Objective D — The case hub (testing against reality).  This is a validation engine to probe theory on real data. The initial case hub spans problems chosen to expose different ways of modelling under uncertainty: canonical wake flows; real‑world surface flows from video data; neural attractor dynamics across wake and sleep; movement composition in neural populations; and neurolinguistic closure and compositionality. A common mathematical demand ties these cases together — to extract low‑dimensional, interpretable dynamics from high‑dimensional data, to quantify uncertainty in nonlinear evolution, and to validate by predictions that can be falsified. 

The case hub is designed as small set of problems that can be dynamically expanded to new fields and cases, so that theory is continuously pushed by real challenges.

Bridge to companion post

DIScover’s vision can be realizable in miniature in small, concrete projects.
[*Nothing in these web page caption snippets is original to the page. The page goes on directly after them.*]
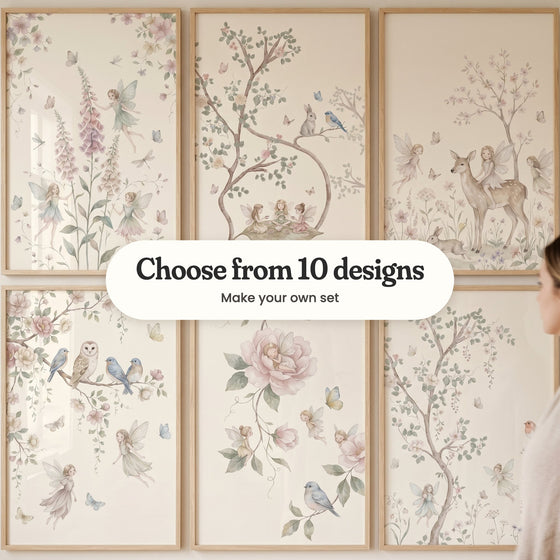 Six fairy prints in light wood frames in two rows, with a woman standing at the right: fairies among pink foxgloves, three fairies having tea on a big leaf, a fairy riding a spotted deer, an owl and bluebirds on a blossom branch, a fairy asleep in a pink peony and a robin by a blossom tree, with a label reading Choose from 10 designs, Make your own set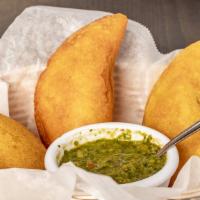 Empanadas De Carne, Pollo O Queso (Order Of 3 People) · Gluten-free Colombian empanadas stuffed with meat and potato.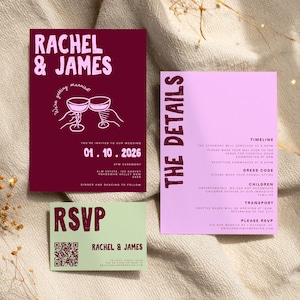 May include: A set of wedding stationery featuring a burgundy invitation with the names "Rachel & James" and event details, a pink details card, and a green RSVP card. The design includes illustrations of champagne glasses and a QR code.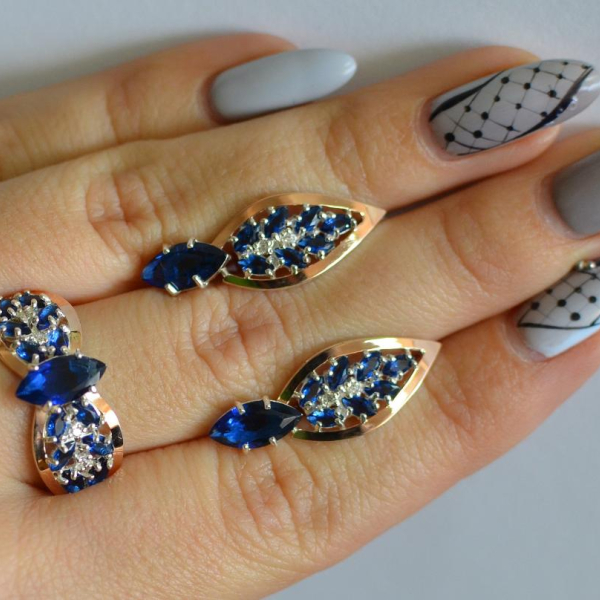 Срібний набір з золотими пластинами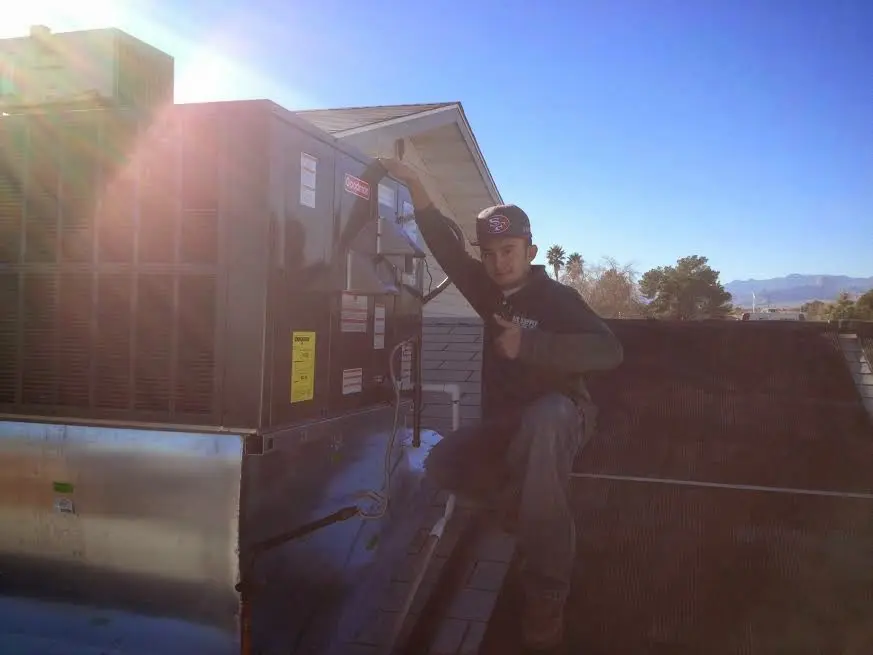 HVAC technician performing HVAC Inspection on a rooftop unit in Cynthiana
In a companion post, we shall describe one such workflow in detail: the rediscovery of shallow‑water evolution equations from ordinary video recordings of soliton waves. The case is an archetype of Objective A (discovering interpretable PDEs from real data) and Objective D (validation by forward prediction on withheld experiments).

What DIScover is set up to deliver

Beyond individual papers, a research collaboration should deliver reusable components for others to pick up and trust. DIScover is engineered to deliver:

• Discovery pipelines: methods that report uncertainty, expose failure modes, and can be stress-tested by controlled corruptions of data.

• A principled uncertainty layer for nonlinear models: tools that propagate uncertainty through dynamics (rather than guessing it afterwards), combining stochastic PDE ideas with statistical calibration.

• Structure‑preserving numerics for learned dynamics: methods that use geometry, invariants, and symmetries to stabilise long‑time prediction and improve interpretability.

• Open benchmarks and shared validation protocols: so new methods can be compared on common cases, and progress can be measured against reality rather than convenience.

Training and community

DIScover is designed to train researchers who are comfortable moving between PDE analysis, stochastic modelling, numerical structure, and data‑driven learning — and who can collaborate meaningfully with experimental and applied groups. Workshops, schools, and an open case hub are part of this design.

For ECMI

Industry and society increasingly need models that are both accurate and accountable. Interpretability, uncertainty quantification, and stability are essential when decisions have cost. DIScover is an example of a collaboration that aims to develop the mathematics that makes such models possible — and to demonstrate them in case studies that can be shared, scrutinised, and transferred. When such collaborations are set in action, in small or large projects, the outcome will be methods, theory, and people trained to operate at the intersection where modern modelling is among its hardest: equations, data, and uncertainty. 

References

[1] DIScover (NTNU): https://www.ntnu.edu/imf/discover

[2] V. Marx, ‘The big challenges of big data’, Nature 498 (2013).

[3] K. McGoff, S. Mukherjee & N. Pillai, ‘Statistical inference for dynamical systems: A review’, Statistical Surveys 9 (2015).

[4] M. Raissi, P. Perdikaris & G. Karniadakis, ‘Physics‑informed neural networks’, Journal of Computational Physics 378 (2019).

[5] S. L. Brunton & J. N. Kutz, ‘Promising directions of machine learning for partial differential equations’, Nature Computational Science 4 (2024).

[6] F. Lindgren, J. Lindström & H. Rue, ‘An explicit link between Gaussian fields and Gaussian Markov random fields: the SPDE approach’, J. R. Stat. Soc. B 73 (2011).

[7] F. Lindgren, D. Bolin & H. Rue, ‘The SPDE approach for Gaussian and non‑Gaussian fields: 10 years and still running’, Spatial Statistics 50 (2022).

[8] E. Celledoni et al., ‘Structure‑preserving deep learning’, European Journal of Applied Mathematics 32 (2021).